The Supreme Court had on February 24, 1986, held that
the Indian Succession Act, 1925, which recognises equal
succession rights for daughters and sons, would apply to
Christians in Travancore and Cochin, also. The erstwhile
states of Travancore and Cochin included areas that now
stretch across southern and central Kerala.
Before that, the Christian community of these areas was
governed by the Travancore Christian Succession Act and
the Cochin Christian Succession Act.
Under the Travancore act, a widow or mother shall only
have life interest terminable at death or remarriage. A
daughter cannot inherit property intestate (when the
holder dies without leaving behind a will or a trust) as
much as a son can. The daughter will be entitled to only
one fourth the value of the share of the son or Rs
5,000, whichever was less. Even this amount she would
not get on intestacy, if stridhanom (dowry) was provided
or promised to her by the intestate.
In 1986, not only did the Supreme Court rule that the
Indian Succession Act would apply to the community, it
also clarified that the provisions would apply to
earlier property settlements.
Mary Roy, mother of writer Arundhati Roy and a Syrian
Christian from Tranvancore, had challenged certain
provisions of the Travancore Christian Succession Act as
violative of Articles 14 and 15(1) of the
Her father had died intestate in November 1959. Roy went
to court for a share of his property. She had a married
sister and two brothers.
Now, 24 years later, a Syrian Catholic man has filed a
review petition against the judgment.
He claims that though, under the customary law, his
father gave a huge stridhanom to his sisters when they
got married in 1978, they were seeking a share of his
father’s property after his death in 1995.

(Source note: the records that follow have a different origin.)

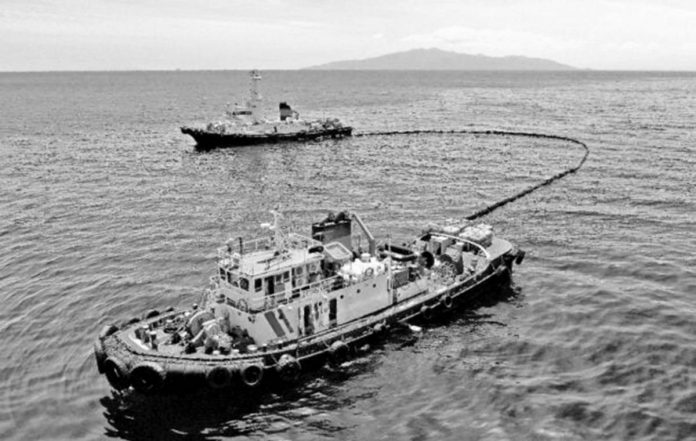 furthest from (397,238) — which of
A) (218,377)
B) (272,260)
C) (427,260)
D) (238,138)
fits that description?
(238,138)

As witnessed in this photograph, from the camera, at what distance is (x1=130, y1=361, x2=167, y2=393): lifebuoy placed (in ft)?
76.4

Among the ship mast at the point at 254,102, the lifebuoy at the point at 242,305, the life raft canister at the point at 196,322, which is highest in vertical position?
the ship mast at the point at 254,102

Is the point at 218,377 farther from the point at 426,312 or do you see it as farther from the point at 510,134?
the point at 510,134

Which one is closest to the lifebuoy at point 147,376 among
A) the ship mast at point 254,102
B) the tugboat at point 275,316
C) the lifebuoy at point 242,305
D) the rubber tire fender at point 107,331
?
the tugboat at point 275,316

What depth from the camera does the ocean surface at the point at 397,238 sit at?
922 inches

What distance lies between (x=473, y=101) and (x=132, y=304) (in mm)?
150639

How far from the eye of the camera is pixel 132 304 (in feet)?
111

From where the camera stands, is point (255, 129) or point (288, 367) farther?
point (255, 129)

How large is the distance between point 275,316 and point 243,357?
2.35m

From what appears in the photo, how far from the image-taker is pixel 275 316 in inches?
1024

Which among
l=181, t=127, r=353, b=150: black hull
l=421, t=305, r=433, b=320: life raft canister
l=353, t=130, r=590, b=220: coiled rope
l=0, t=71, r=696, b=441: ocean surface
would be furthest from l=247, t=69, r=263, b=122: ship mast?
l=421, t=305, r=433, b=320: life raft canister

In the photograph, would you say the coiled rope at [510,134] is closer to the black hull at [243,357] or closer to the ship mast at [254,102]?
the ship mast at [254,102]

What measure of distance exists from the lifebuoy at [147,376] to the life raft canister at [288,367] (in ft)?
15.6

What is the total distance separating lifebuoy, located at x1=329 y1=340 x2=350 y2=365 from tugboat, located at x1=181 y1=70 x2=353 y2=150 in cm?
6830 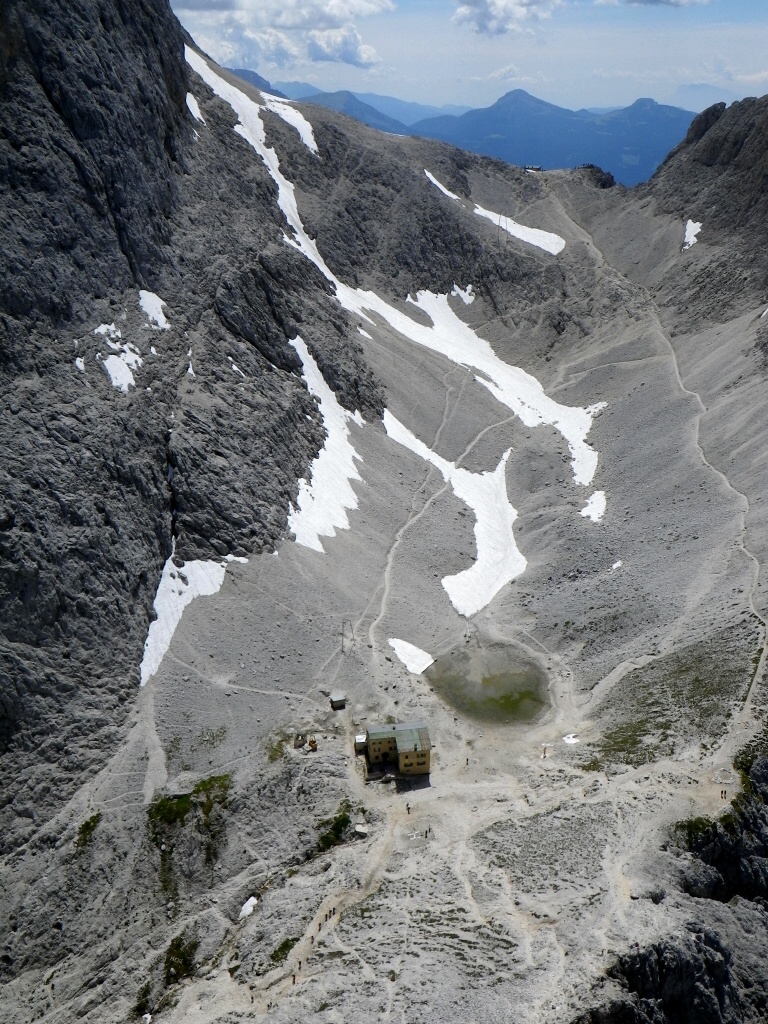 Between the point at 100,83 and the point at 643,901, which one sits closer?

C.J. Simon, 65, from Kottayam district in Kerala, said
the Supreme Court ruling did not apply to all Christians
in India, although it is generally believed so.
Even in Kerala, the Vaniya Christians of Chittoor taluk
of the erstwhile Cochin state are still governed by
their customary law, the Hindu Mitakshara law.
The members of the Anglo-Indian community and the
Parangi communities of Cochin are also outside the
Indian Succession Act.
Similarly, the Marumakkathayam Christians of
Neyyattinkara taluk are not governed by their customary
laws in matters of succession.
He sought a similar exemption for the Christians of
Travancore and Cochin.
Simon said his family had been following the customary
law prevailing in the Syrian Catholic community of
Kerala where daughters are entitled to stridhanom as a
customary right at the time of their marriage.
Hence, he and his community should be exempted from the
purview of the Indian Succession Act.
He also objected to the retrospective operation of the
Supreme Court judgment in the Mary Roy case. “This has
and will unsettle certain intestate succession of
properties among the Christians in these former states
and the subsequent transactions of such properties
during the period beginning April 1, 1951, to the date
of the judgment i.e. 24 February, 1986,” he said in the
petition.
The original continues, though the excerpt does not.